Pictures should be excluded; otherwise, copy every entry exactly.

[Records from a data source]
- - - - -

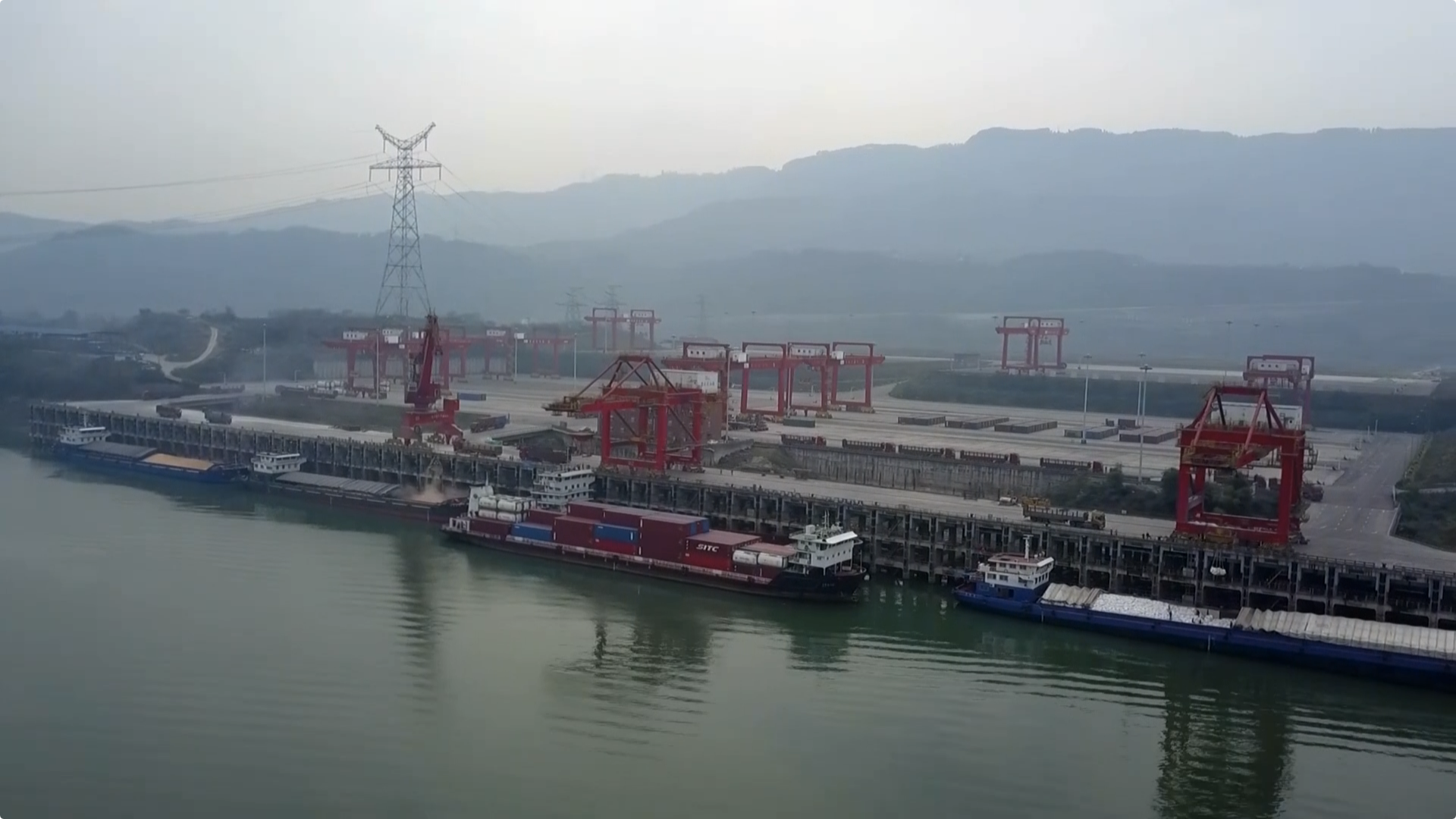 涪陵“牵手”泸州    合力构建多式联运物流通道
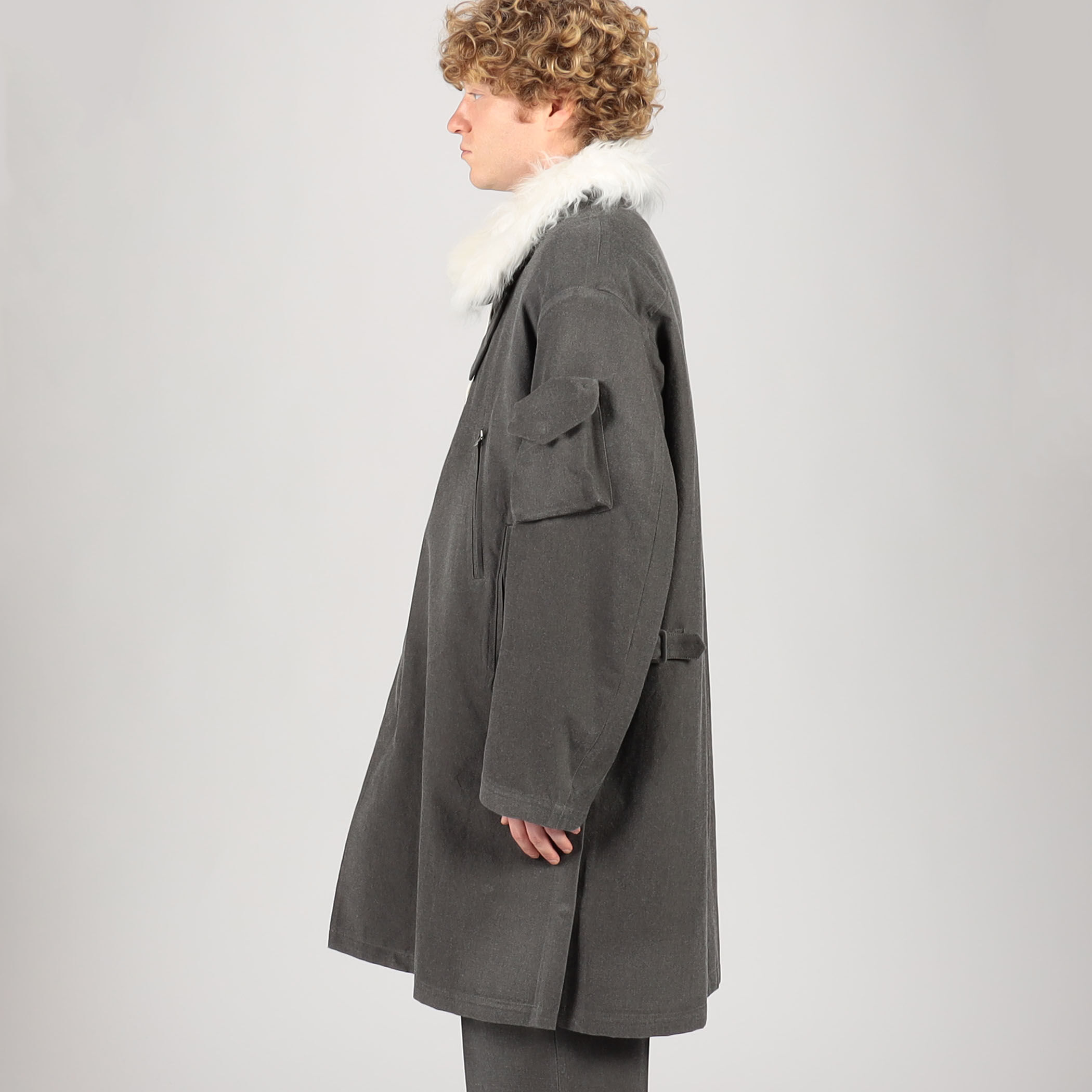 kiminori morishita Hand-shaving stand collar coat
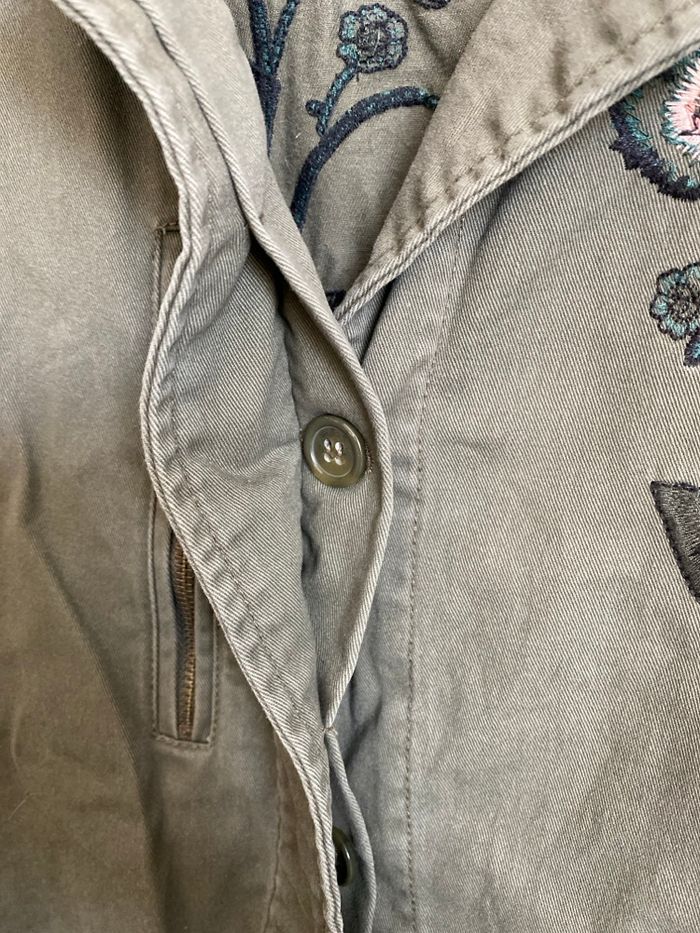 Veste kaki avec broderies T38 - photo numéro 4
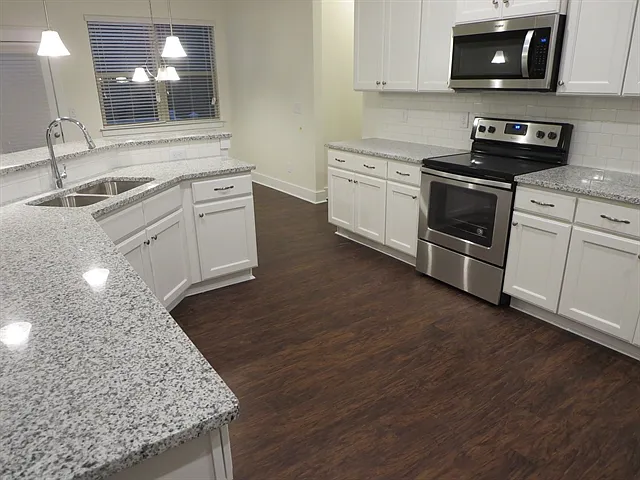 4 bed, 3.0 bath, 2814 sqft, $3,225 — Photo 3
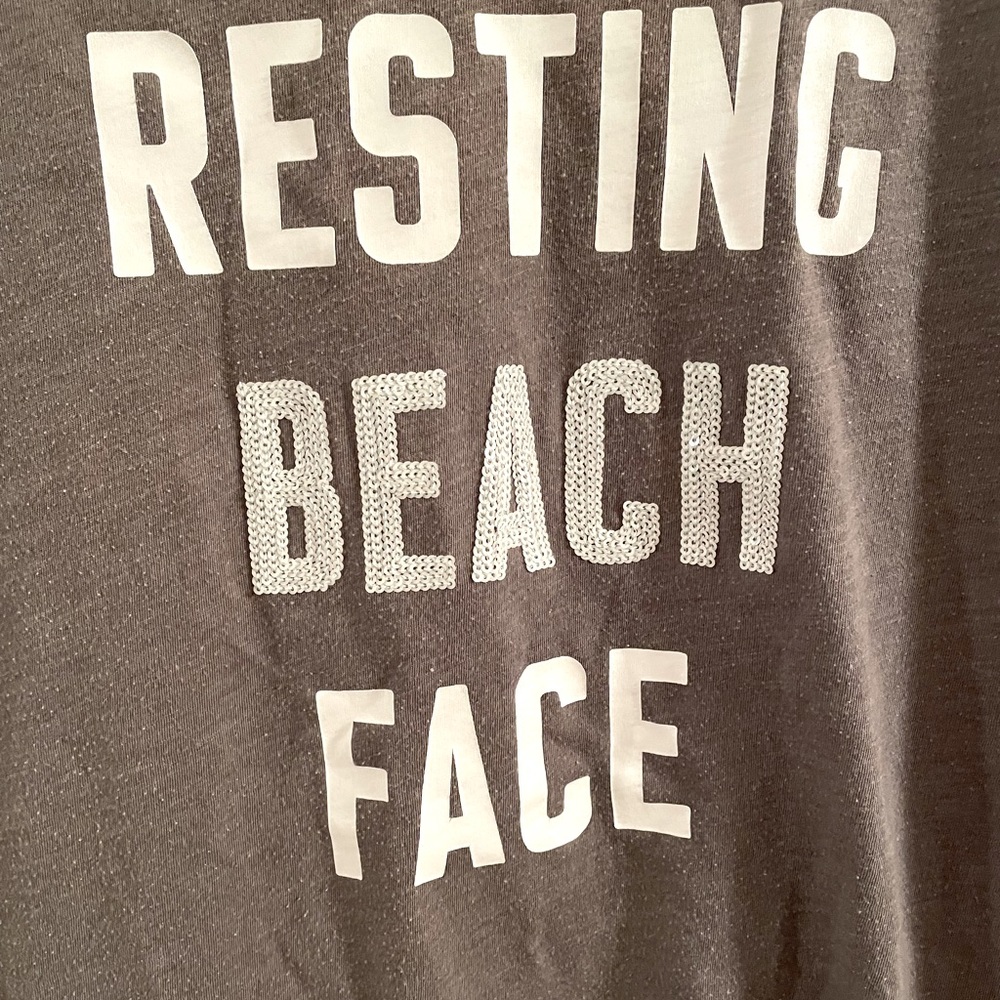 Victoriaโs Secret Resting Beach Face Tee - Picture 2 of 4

- - - - -

*RESULT FOR THIS TASK*
 涪陵“牵手”泸州    合力构建多式联运物流通道
 kiminori morishita Hand-shaving stand collar coat
 Veste kaki avec broderies T38 - photo numéro 4
 4 bed, 3.0 bath, 2814 sqft, $3,225 — Photo 3
 Victoriaโs Secret Resting Beach Face Tee - Picture 2 of 4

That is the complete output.